- Opening Delimiter -

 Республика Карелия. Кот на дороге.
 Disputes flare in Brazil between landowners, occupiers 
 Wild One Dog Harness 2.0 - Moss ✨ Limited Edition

- Closing Delimiter -

**TASK INSTRUCTIONS**
Every line of the listing is to be transcribed exactly.

**SOLUTION TO THIS EXERCISE**
 Республика Карелия. Кот на дороге.
 Disputes flare in Brazil between landowners, occupiers 
 Wild One Dog Harness 2.0 - Moss ✨ Limited Edition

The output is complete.